WHAT YOU ARE ASKED TO DO: Please set down, word for word, the line that contains "Aceite Corporal Esencial" and every line after it to the end of the entries below, omitting the pictures.

INPUT MATERIAL:
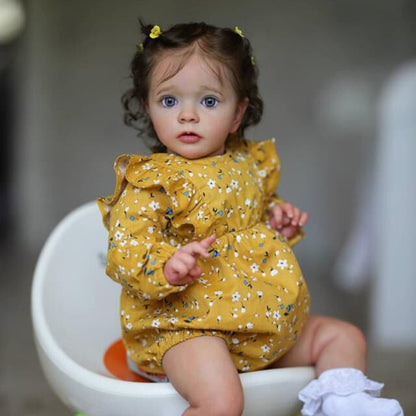 24inch/60cm Realistic Lena Reborn Dolls with Open Eyes-Missy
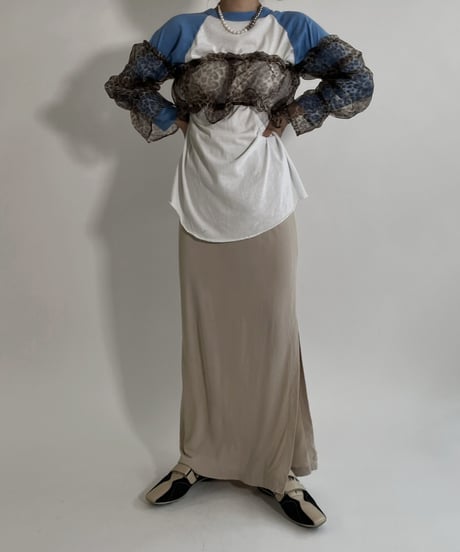 【USED】 See-through Long Sleeves Top / 220507-012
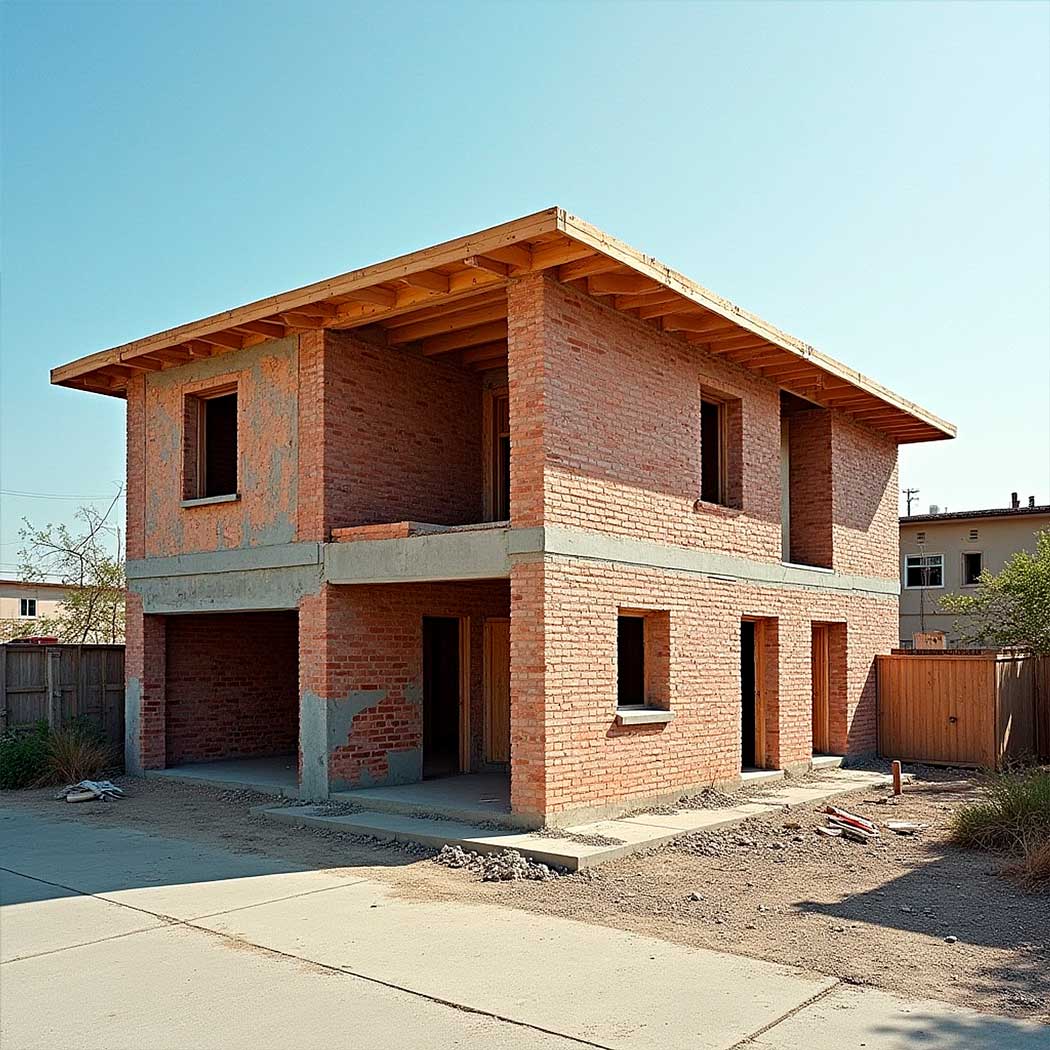 Chalet de obra nueva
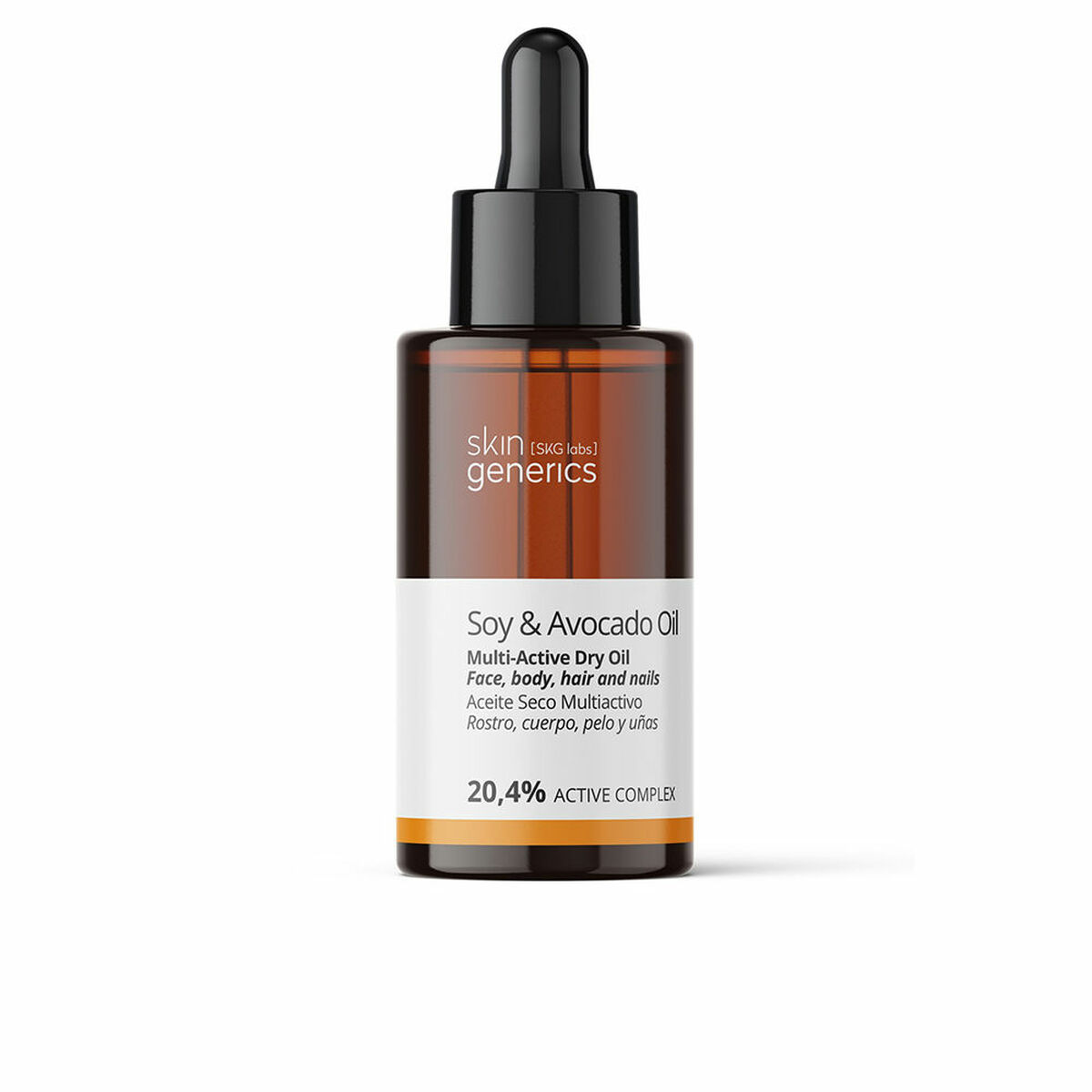Aceite Corporal Esencial Skin Generics 50 ml Soja Aguacate Multifunción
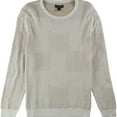 thumbnail image 1 of Tasso Elba Mens Dot Jacquard Pullover Sweater, Beige, X-Large, 1 of 2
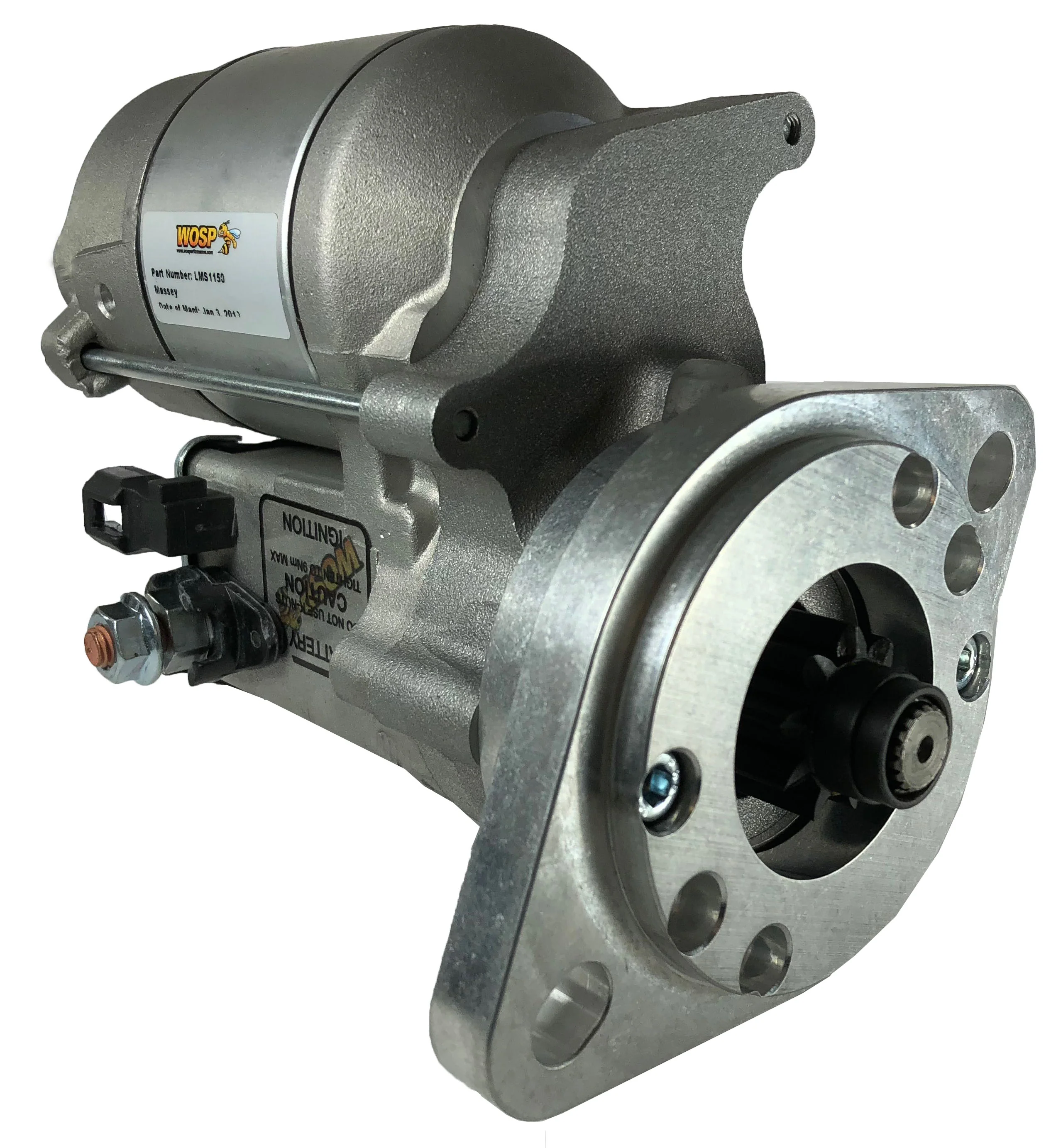 Wosp Nissan 240 / 260 / 280 (LH terminals) high torque starter motor (LMS1150)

SOLUTION:
Aceite Corporal Esencial Skin Generics 50 ml Soja Aguacate Multifunción
 thumbnail image 1 of Tasso Elba Mens Dot Jacquard Pullover Sweater, Beige, X-Large, 1 of 2
 Wosp Nissan 240 / 260 / 280 (LH terminals) high torque starter motor (LMS1150)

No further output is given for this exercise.